Considering the M0+ has a 32-bit architecture, optimal execution of operations is achieved when operands are contained within 32-bits. Hence, we adopt the Q15 16-bit fixed point format for all arithmetic within eGRU. In Q15 format, 16-bit signed integers from 32,767 to 32,768 are used to represent decimals in the range of [-1,1) at intervals of $2^{-15}$ . Necessary precautions ought to be taken during basic operations to prevent overflow and ensure closure under Q15. For instance, to divide two Q15 numbers, it is necessary to left-shift the dividend by 16 bits (yielding a 32 bit value) before undertaking the division to avoid losing precision. Hence, all eGRU operations (including activation functions) need to be translated to Q15 versions.

Weight multiplication is the most frequent operation in a neural network. Fortunately, by virtue of our exponential quantization, affine transformations for all layers in the network can be implemented by right-shift operations, which remains the same in Q15 format. The summation of all transformed inputs can exceed 16 bits and is thus accumulated in a 32 bit register. However, since the activation function is bounded by [-1,1), the output of the recurrent node remains a 16-bit Q15 number which can then be fed into yet another node. From simulations, we discovered that all inputs to an eGRU network will flow through the entire model in Q15 format and result in an output that is precise to at least 2 decimal places compared to those from an equivalent full precision (floating point) network.

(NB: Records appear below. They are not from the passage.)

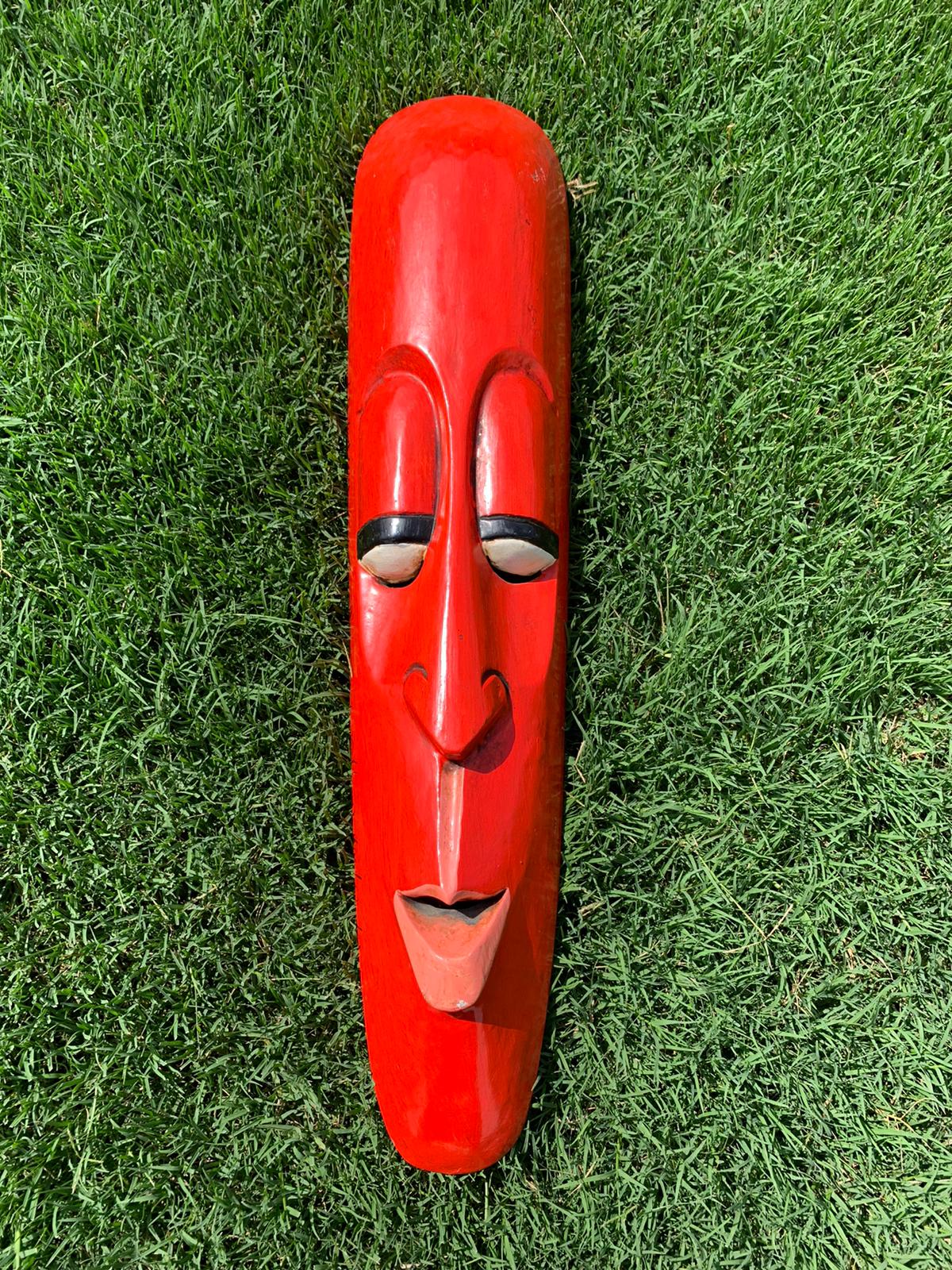 Handmade Wooden Mask Of Long Face Somalian, Painted in different color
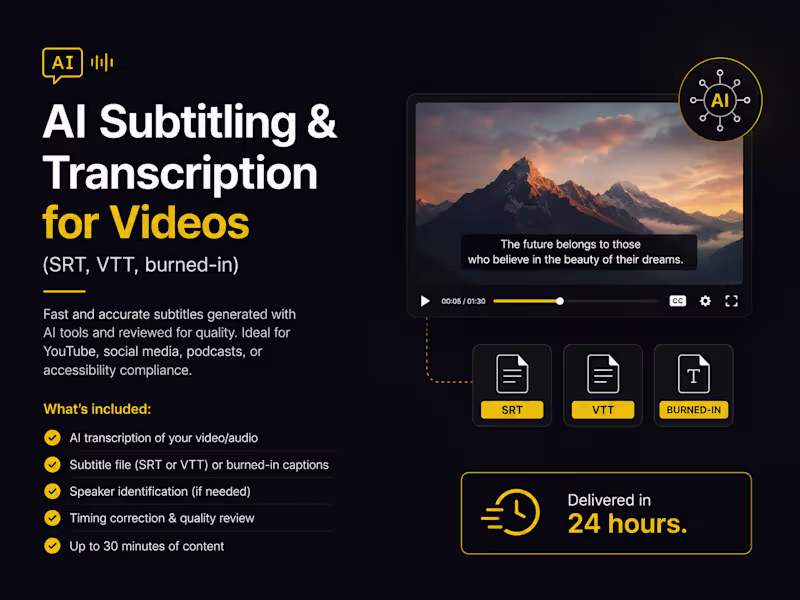 Cover image for AI Subtitling & Transcription for Videos (SRT, VTT, burned-in)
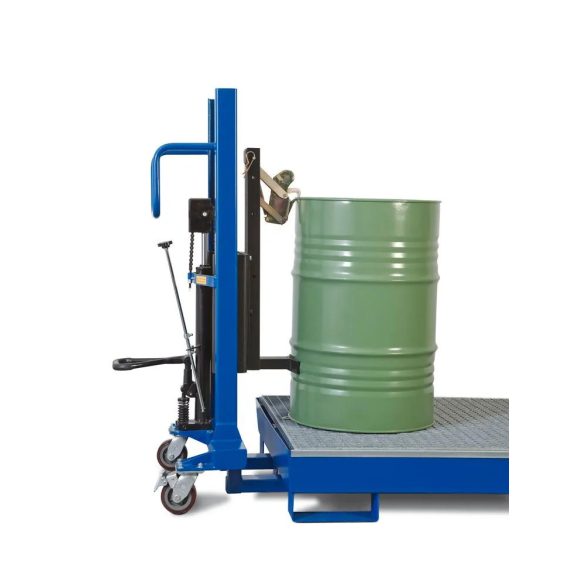 Hordóemelő, hordófogóval, 60-200 literes acélhordó, keskeny alvázú, emelési magasság 120-740 mm
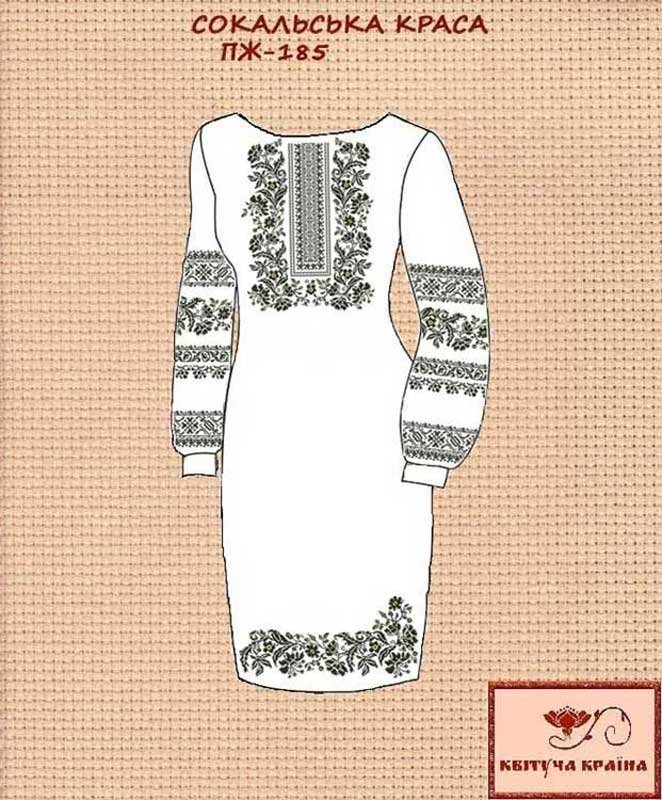 Фото Заготовка плаття вишиванки Квітуча Країна ПЖ-185 Сокальська краса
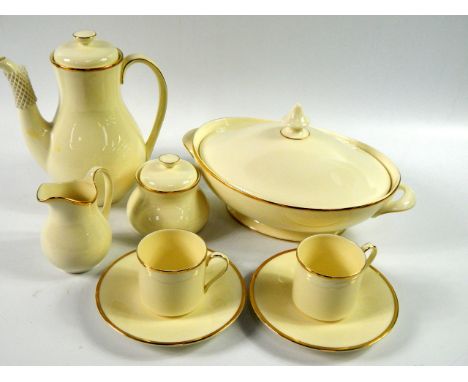 A Royal Doulton Romane Collection part dinner tea and coffee service, decorated in the Heather pattern, comprising pair of ov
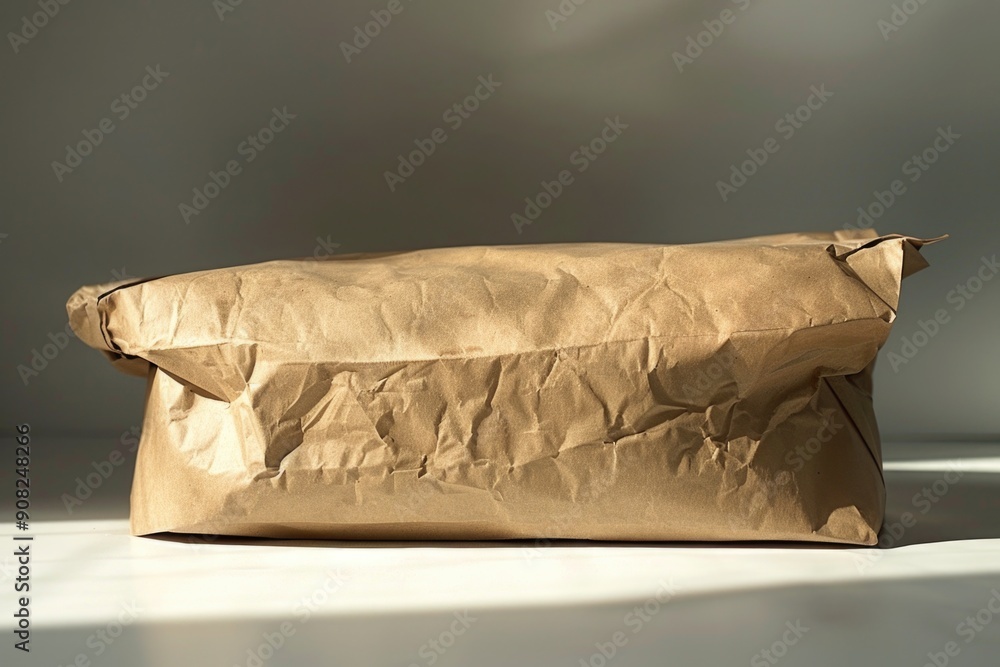 Poster a brown paper bag sitting on a table with no context, could be used as a prop in various scenes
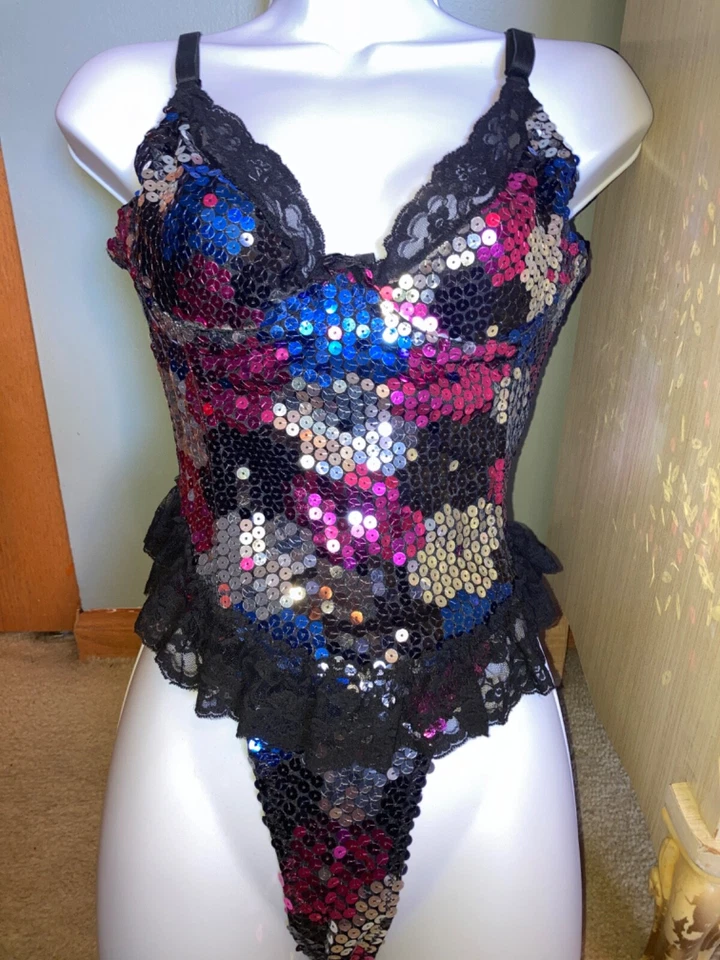 Conjunto de 2 peças de espartilho de lantejoulas Shirley of Hollywood 38 kg vintage RARO sexy preto rosa prata - Imagem 2 de 4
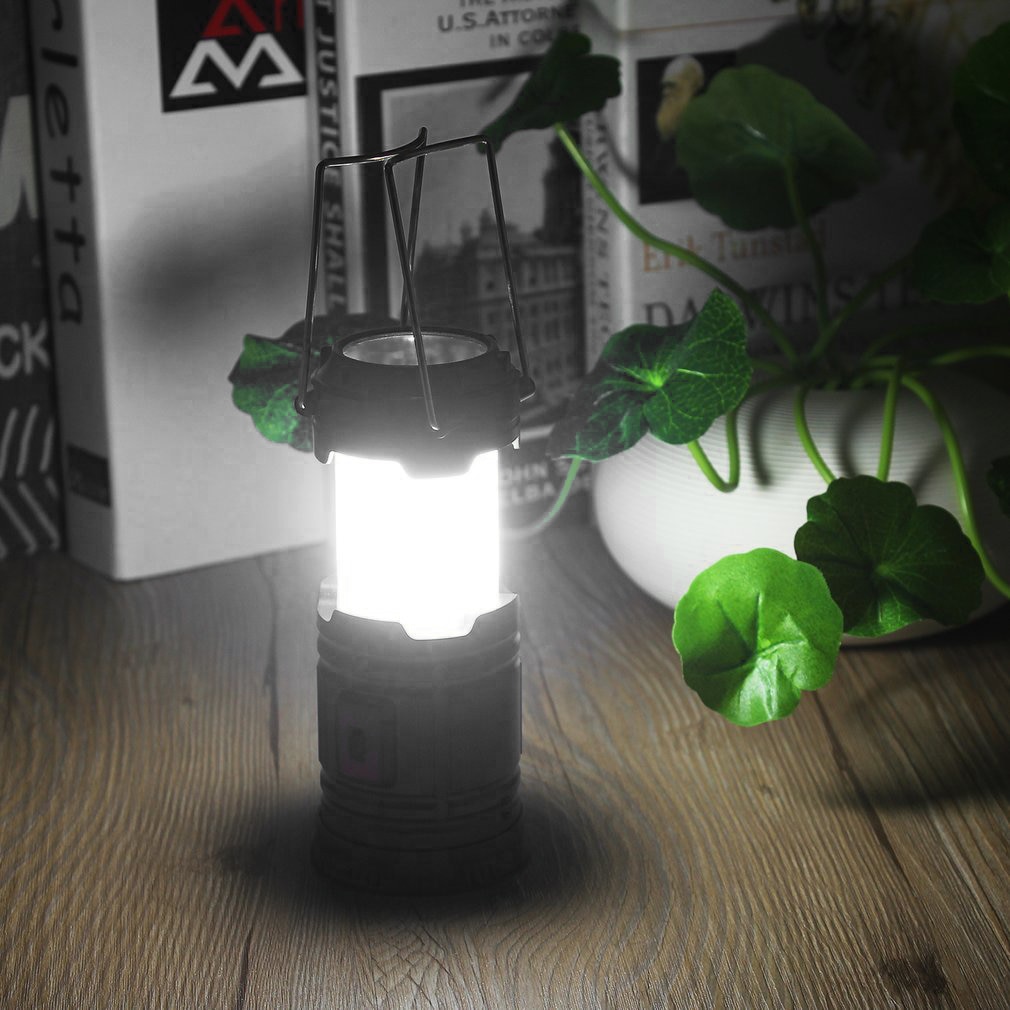 Portable Camping Light Rechargeable Lantern Outdoor Tent Light Solar Power Collapsible Lamp Flashlight Emergency Light Torch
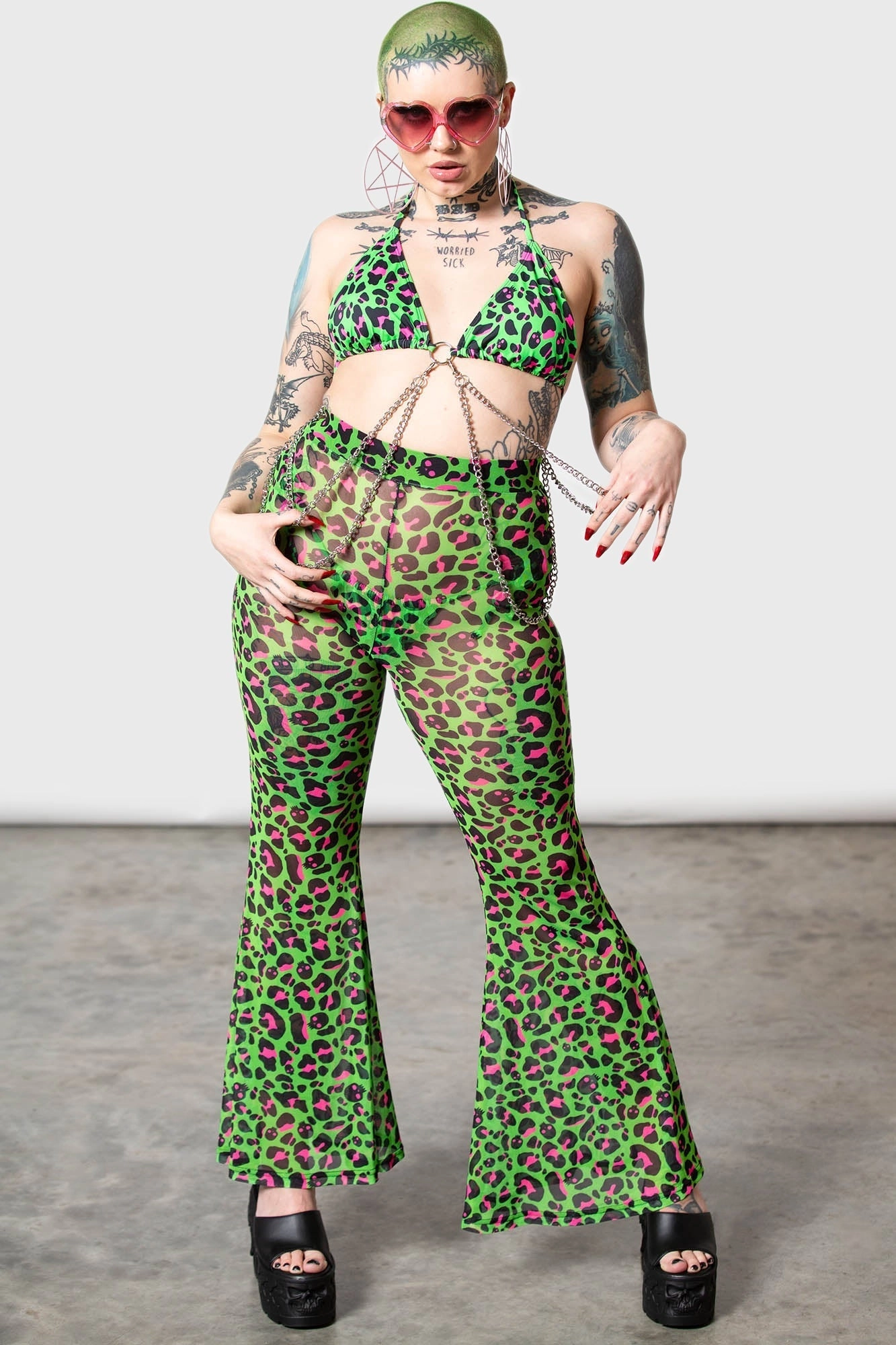 Emerald Sugar Mesh Flare Trousers - Resurrect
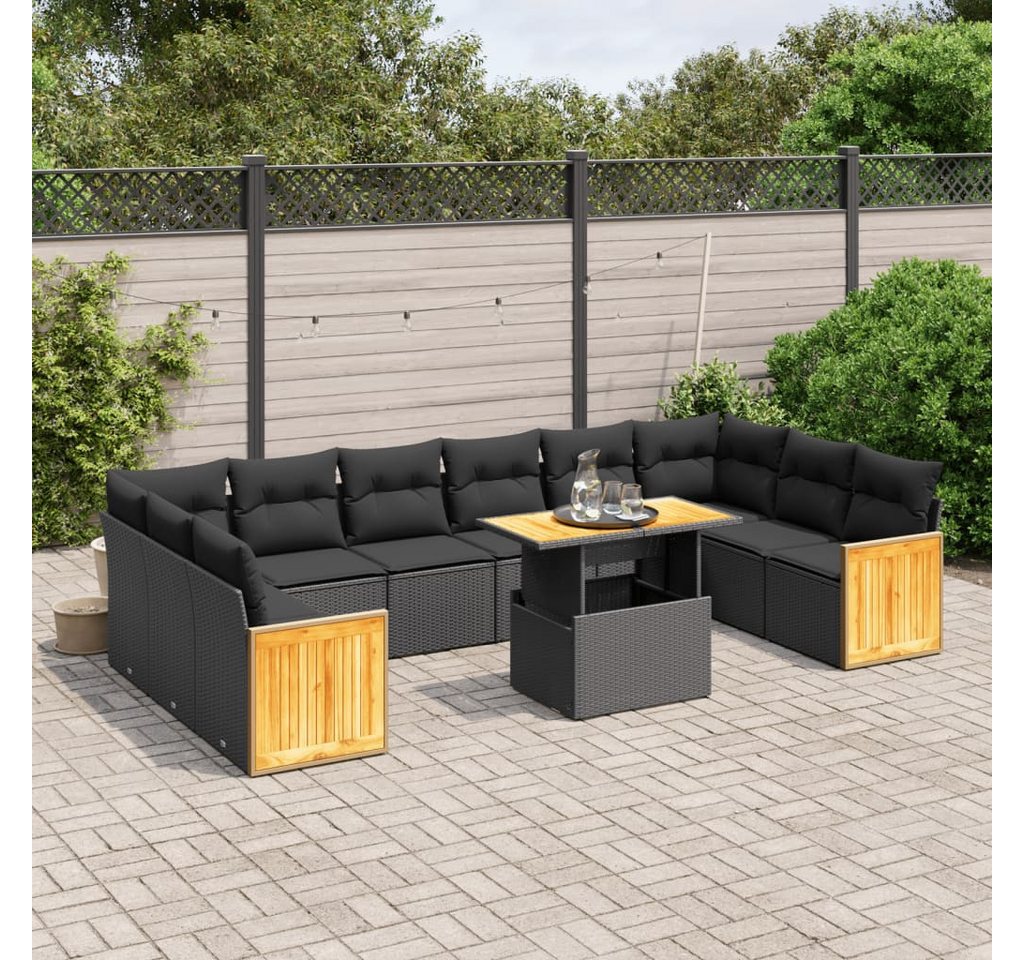 furnicato Garten-Essgruppe 11-tlg. Garten-Sofagarnitur mit Kissen Schwarz Poly Rattan, (1-tlg) von furnicato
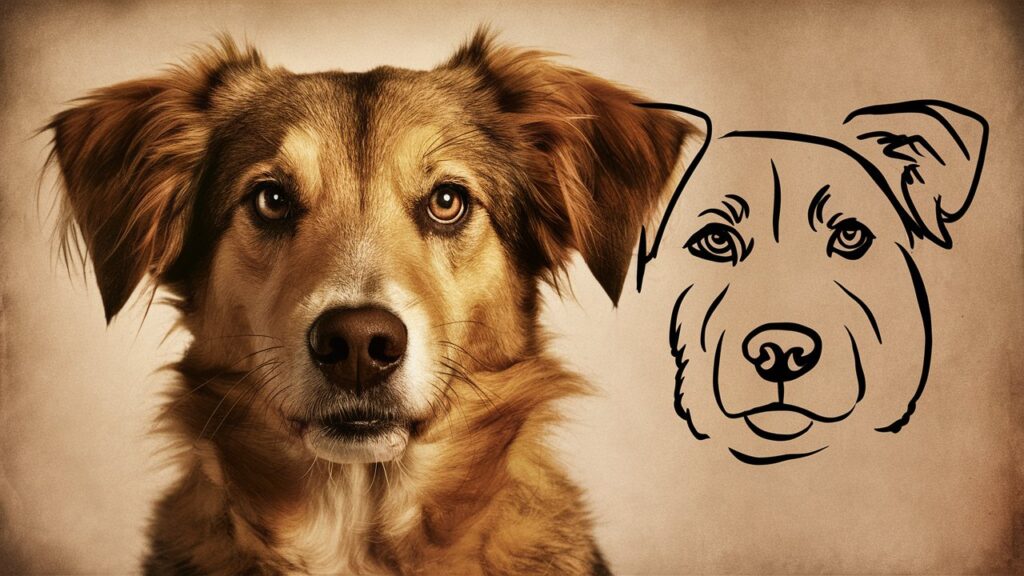 A dog's face next to a simple doodle capturing its key features.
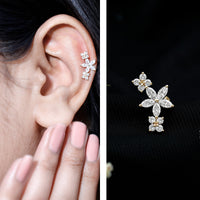 Certified Round Moissanite Flower Ear Crawler Earring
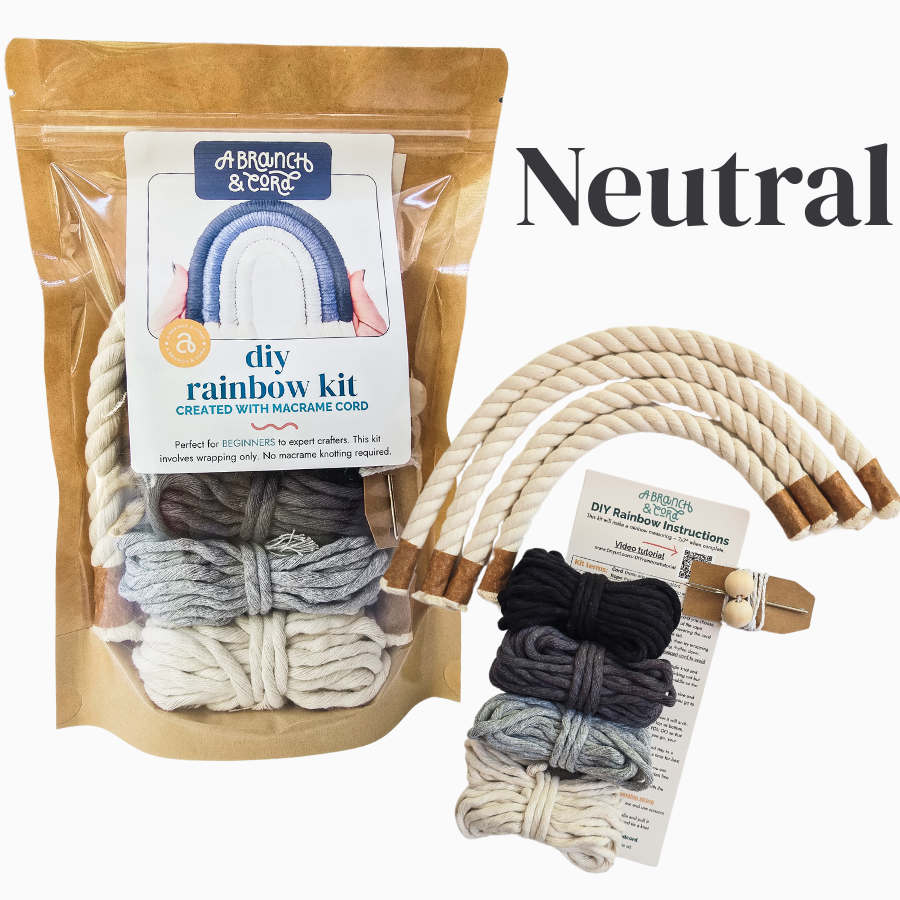A Branch & Cord - Wholesale DIY Craft Kit - DIY Macrame Rainbow Kit – Fun, Giftable Craft for All Ages1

An interesting modification worth mention pertains to the Q15 implementation of the softsign activation function. Inputs to activations, in the scheme described above, is a 32-bit accumulation of all transformed inputs. Since such inputs are already in 32-bit, undertaking a Q15 division would be impractical as it would require left-shifting, resulting in an overflow. One way to circumvent this is to clip the accumulated value to a certain domain to prevent overflow. We found that clipping to the domain (64,-64] resulted in a fast and accurate integer softsign approximation (see Table 3.4). A simple C++ definition of our softsign function is provided in Listing LABEL:lst:softsign.